標準作業組合せ票は、仕事が完成するまでにどのような工程があり、それぞれどれくらいの時間がかかっているのか、階段状に記録するものです。
この手法を実践した、ある販売店の事例を紹介します。その販売店では、「接客時間を増やし、お客様の心をつかむこと」を活動テーマとし、まずは付随作業にかかっている時間を調べるため、販売員全員が1日の行動を分刻みで記録しました。中でも問題となっているのが「注文商品の発送手配」であることが分かり、その作業を標準作業組み合わせ票を使って細かい工程に分けて計測しました。
ある工程で一番早く理想的なやり方をしている販売員がいれば、その手順を標準化し、全員が同じようにできるよう習得していった結果、活動前は71分だった接客時間を、約5倍の356分まで増やすことに成功しました。
このように作業を数値化することは、メンバーに現状を客観的に把握してもらうと同時に、フラットな視点で改善を進めやすくします。
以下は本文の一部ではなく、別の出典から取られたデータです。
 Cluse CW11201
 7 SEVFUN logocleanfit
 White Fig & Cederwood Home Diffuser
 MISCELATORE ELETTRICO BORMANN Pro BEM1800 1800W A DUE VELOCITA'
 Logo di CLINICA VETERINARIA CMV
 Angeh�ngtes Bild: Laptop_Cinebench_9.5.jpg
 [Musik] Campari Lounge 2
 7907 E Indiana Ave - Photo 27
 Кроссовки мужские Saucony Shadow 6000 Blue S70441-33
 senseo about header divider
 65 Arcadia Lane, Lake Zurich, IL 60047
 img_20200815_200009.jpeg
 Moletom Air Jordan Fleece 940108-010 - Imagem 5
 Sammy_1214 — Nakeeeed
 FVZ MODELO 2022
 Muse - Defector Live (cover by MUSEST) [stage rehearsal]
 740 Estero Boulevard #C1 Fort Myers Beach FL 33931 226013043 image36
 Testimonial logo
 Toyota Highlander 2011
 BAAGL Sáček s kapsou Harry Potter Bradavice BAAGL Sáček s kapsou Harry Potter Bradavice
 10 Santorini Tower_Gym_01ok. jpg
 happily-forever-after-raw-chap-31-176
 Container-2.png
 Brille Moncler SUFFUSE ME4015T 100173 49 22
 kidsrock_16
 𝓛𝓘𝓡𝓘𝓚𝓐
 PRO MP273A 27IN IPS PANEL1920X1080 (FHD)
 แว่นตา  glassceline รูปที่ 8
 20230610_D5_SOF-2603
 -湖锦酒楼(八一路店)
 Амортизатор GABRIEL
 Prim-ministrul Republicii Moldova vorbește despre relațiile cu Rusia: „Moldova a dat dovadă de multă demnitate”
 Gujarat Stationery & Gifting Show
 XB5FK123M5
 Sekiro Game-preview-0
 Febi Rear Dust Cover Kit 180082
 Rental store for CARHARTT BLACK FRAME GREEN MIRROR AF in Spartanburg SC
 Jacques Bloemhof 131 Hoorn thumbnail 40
オフィスワークでのムダを視える化するコツを解説しました。
まずは、現状の仕事を主作業、付随作業、ムダの3つに分類することから始めてみましょう。また、ゴミ箱を点検したり定点観測で分析すると職場内にどのようなムダがあるかを見つけるヒントになります。
また効率化のポイントは、作業の実態を数値で示すことです。1日の行動や仕事を細かく計測して整理することで、問題となっている作業を発見できます。発見したら、どうすれば効率化できるかを考え、実行していきます。
職場の当たり前になっていると、そこに潜むムダに気づくことができず、職場の改善が進みません。本記事でお伝えした内容を参考に、まずはムダを「視える化」することを意識してください。